We also have, in some countries, in particular Poland, the aristocracy, which is very keen on writing national history. In some countries, such as Germany, for example, where in the early 19th Century, of course, we do not have a unified nation-state, the historians working at the universities are funded by the individual states. So you have the curious phenomena that these historians, often national historians, promoting a non-existing nation-state, in the pay of monarchs of states, which do not necessarily have an interest in the foundation of such a nation-state.

Chris Williams: So, he who pays the piper doesn’t always call the tune then, which is an interesting way of considering institutionalisation. Thanks. All of us around this table and other professional historians would subscribe to an idea of objectivity and neutrality, wouldn’t we? Few of us would say, when we get up in the morning and think I want to promote my country, that’s my job. We’ve got this professional idea that we’re above that sort of thing. As Jeremy Black has put it in his book Using History, ‘Scholars in the West generally subscribe to a desire to avoid nationalistic partisanship’. Has it changed as much as maybe we would claim, and if so, how?

Stefan Berger: I would say that, in some respects, 19th Century historians are much more willing to talk in terms of objectivity and neutrality than historians are today. I think most professional historians today, under the influence of post-structuralism and post-modernism, have come to assume that there is no such thing as objectivity. That perspectivity, that all knowledge is perspectival, and that therefore it always matters what questions you ask. In the 19th Century, it was precisely the scientificity of historical writing which allowed historians to make themselves into spokespersons for the nation because it gave them this privileged access to the past. By being professional historians, they knew what the past was like and no-one else knew, which is why they could become the keepers of the Holy Grail of national history.

Now that, of course, is quite rare today. But of course national historians still exist and national histories are being published at a rate that is probably bigger than at any time before. Especially, from the 1980s, we see throughout of Europe a renaissance of national history writing, which interestingly coincides with a move of professional historians away from national history. So we see on the one hand a move towards comparative history, towards a history of cultural transfer, towards transnational history, the histories of empire. On the other hand we see an enormous amount of histories being published and these national histories being used specifically for the purpose of creating national identities.

Chris Williams: So, as academic history’s moved in one direction, popular history has filled the gap, if you like.

Stefan Berger: In some respects, yes. Because, if we look for example at TV history as a form of popular history writing, we can notice right throughout Europe the importance of national history in TV history. In other respects, though, professional historians are still national historians. If we think of the 1980s and France, Fernand Braudel writes a two volume history of France - the same historian who in the 1950s explicitly denounced national history writing is now coming back to national history writing. We see in Germany, after 1990, after reunification, an attempt to move away from the discourse of post-nationalism which was very strong in the 1980s and to find what some historians in Germany call a normal national discourse, and an enormous amount of national history is being published, including by professional historians. And, of course, across Eastern Europe the renaissance of national history writing after 1990 is enormous. And in some places, such as Yugoslavia, of course, debates about the national past directly contribute to the bloody civil war that we see in the 1990s.

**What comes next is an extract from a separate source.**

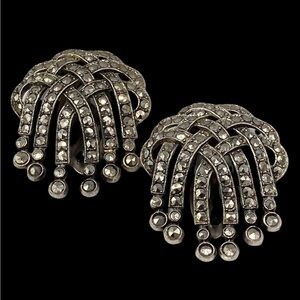 Matching Pair of Art Deco Marcasite Dress Clips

Chris Williams: So, writing the history of the nation-state is not something which has gone away. Has it not been joined by new internationalist identities? Paul, do you think that the end of the 20th Century saw a high point in historians at least subscribing to an internationalist view and do you think that that changed the sorts of histories that they wrote?

Paul Lawrence: Certainly, if you look at theoretical works considering nation-states and nationalism, those written from 1980 through to about 2000, at the end of Century, say, for the sake of argument, they do have their concluding chapter with kind of well, now we’ve seen the break-up of the former Soviet Union or now we’ve seen what’s happened in The Balkans, are we now heading for the end of, is it going to be either a resurge in Nationalism or is it going to be the end of Nationalism as we know, the development of a pan-European identity. It seems to me that a European identity, certainly at this stage, it isn’t commanding anything like the same sense of importance in people’s lives as their national identities still do. And I think you have to consider what national identity gives to people in a sense. People have local identities, I live in a town. I have a national identity and I also live in Europe. But I wouldn’t go to war or die for Brighton and Hove. Or for Europe, for that matter.

And it’s an interesting question as to why that should actually be the case. Why is that the single kind of unit which commands the most significant loyalty? I mean part of that is still because the nation – a cultural entity – is bound up with the state. In the sense that external threat, for example, often helps to coalesce a sense of identity and Europe’s unlikely to be attacked. So, in a sense, whereas a national context, it’s much more easy to imagine that. So, from my point of view, I have to say that I don’t think the idea of a nation-state is really becoming that much less powerful. It’s being overlaid, perhaps, but not fading away.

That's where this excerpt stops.